The Bastard Prompt’s narrator’s girlfriend was a jobbing actor not getting many parts so took a post as a Standardised Patient – helping trainee doctors to recognise diseases from their ‘symptoms’. She’s very good at it but then starts to describe symptoms for diseases that don’t exist – yet.
Rules is a short list of, em, rules for as yet unknown games and also a reflection on imitating an aeroplane with spread arms and making that “now-familiar” noise.
The estate of Estate is a housing one which Dan Loch’s family had to leave one day. When he comes back there is an outbreak of incidents involving drugged deer staggering around with their antlers on fire.
Keep relates the evolution of a new epidemic where, if the afflicted remain too long immobile, trenches appear in a circle around them, and the scientific efforts to discover its origins and possible cure.
A Second Slice Manifesto is that of an art movement which constructs and displays slices through prior paintings; slices which reveal more of the originals than was apparent to the naked eye.

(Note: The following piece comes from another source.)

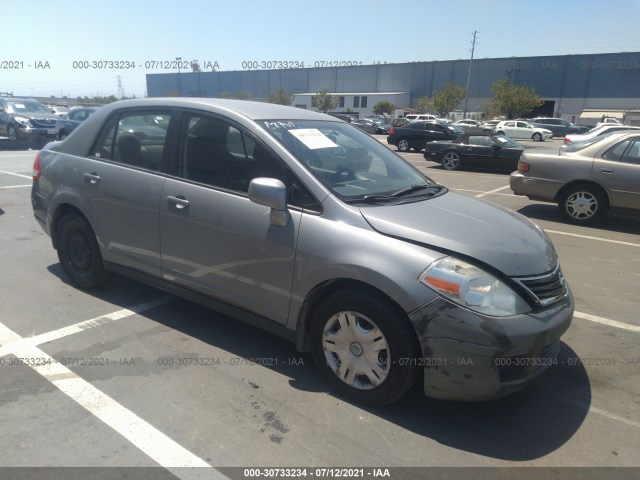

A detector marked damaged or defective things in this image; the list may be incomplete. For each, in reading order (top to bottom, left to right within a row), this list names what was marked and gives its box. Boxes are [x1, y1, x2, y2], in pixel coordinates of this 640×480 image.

A father and daughter enter a militarily embargoed area around Covehithe. They have come to watch the emergence of a damaged and sunken oil-rig from the sea. It has come to drill down and deposit eggs from which new rigs will grow.
The Junket is narrated by a hard-boiled media journalist describing the controversy around a film (made by Jews) which displays every anti-Semitic trope in the book, and its aftermath.
Four Final Orpheuses gives us four different versions of why Orpheus might have made that turn and fateful look towards Eurydice.
A picture frame turns put to have unusual properties in The Rabbet.
Listen the Birds is another storyboard for a film trailer.
A Mount is a meditation on the ubiquity of porcelain animals and why some seemingly out-of-place people, not their owners, might be fascinated by them.
A sense of understated eeriness hangs over The Design in which a medical student between the wars discovers designs etched into the bones of the cadaver he is dissecting. He concludes that God is a scrimshander.

Pedant’s corner: vortexes (strictly the plural of vortex is vortices,) “a plethora of ceremonies are emerging” (a plethora is singular; a plethora …. is emerging,) indices (yes, it’s an acceptable plural but when it is for book contents it’s usually spelled indexes,) sodium pentothol, (sodium pentothal,) Cheevers’ wife (Cheevers’s,) crevace-spiders (crevice-spiders?) “There were a series of percussions” (there was a series.) “Most of the town were already gathered” (most of the town was gathered.) “None of them leave.” (None of them leaves,) snuck (sneaked.) Pangea (Pangaea, or, even better, Pangæa.) “A line of police block the road” (A line … blocks the road,) “wracks his brain” (racks,) “or that it be not shown” (or that it not be shown,) “Baron von Richtofen” (if it’s that baron, it’s Richthofen,) fit (fitted,) trash (rubbish.)